Activation of cAMP-dependent protein kinase is required for optimal α-melanocyte-stimulating hormone-induced pigmentation

The cAMP-dependent pathway has been long presumed to play a critical role in mediating alpha-melanocyte-stimulating hormone (alpha-MSH)-induced pigmentation, but it has never been demonstrated that this pathway is obligatory. In order to determine whether the cAMP-dependent pathway is required for a alpha-MSH-induced pigmentation, we inhibited the activity of cAMP-dependent protein kinase (PKA), the main kinase mediating in this pathway, by introducing a physiologic cAMP-dependent protein kinase inhibitor (PKI) into S91 murine melanoma cells and then measuring pigment response after alpha-MSH stimulation. Cells were stably transfected either with the pMXX-PKI expression vector that encodes the active part of PKI (the amino terminal 1-31 amino acids) under a metallothionein-inducible promoter and the pSV(2)-Neo expression vector alone.

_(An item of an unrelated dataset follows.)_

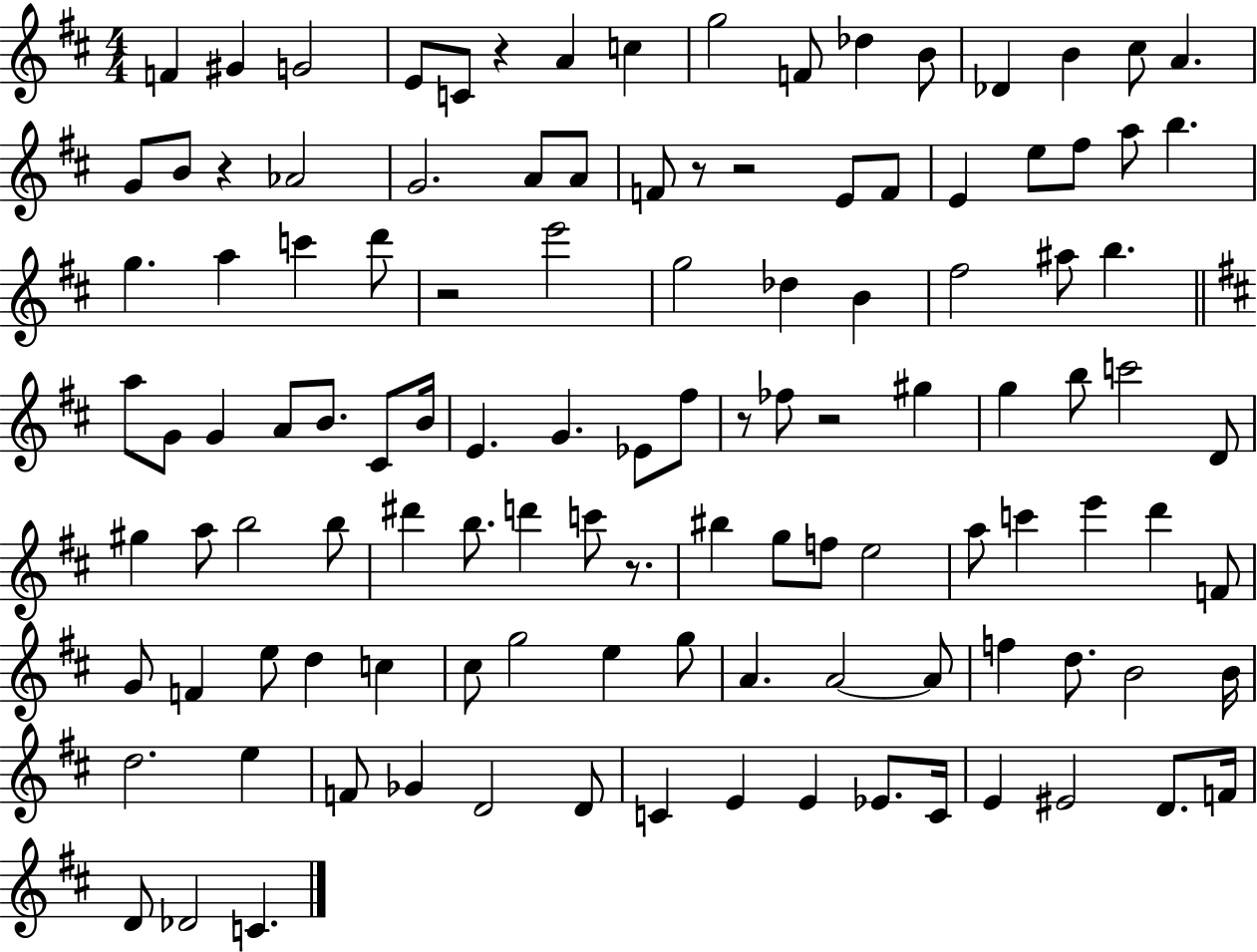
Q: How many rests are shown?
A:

As expected, treatment of transfected cells with 1 mu M CdCl2, for 24 h induced the expression of PKI mRNA in cells transfected with both vectors, but not in cells transfected with the pSV(2)-Neo expression vector alone. Subsequent treatment of these transfected cells with LU-MSH for 5-6 days in the continual presence of 1 mu M CdCl2 resulted in inhibition of PKA activity by 30-40% in cells expressing PKI, Parallel measurements revealed that alpha-MSH-increased melanin content five- to six-fold in control cells transfected with pSV(2)-Neo alone, while there was only a two-fold increase in PKI-expressing cells, a 40-50% inhibition in alpha-MSH-induced total melanin content. alpha-MSH-induced tyrosinase activity and tyrosinase mRNA and protein levels measured in parallel were also inhibited by 40-50% in PKI-expressing cells compared to control cells transfected with pSV(2)-Neo alone, Together, these results demonstrate for the first time that activation of PKA through the cAMP-dependent pathway is required for optimal alpha-MSH-induced pigmentation. (C) 1998 Academic Press.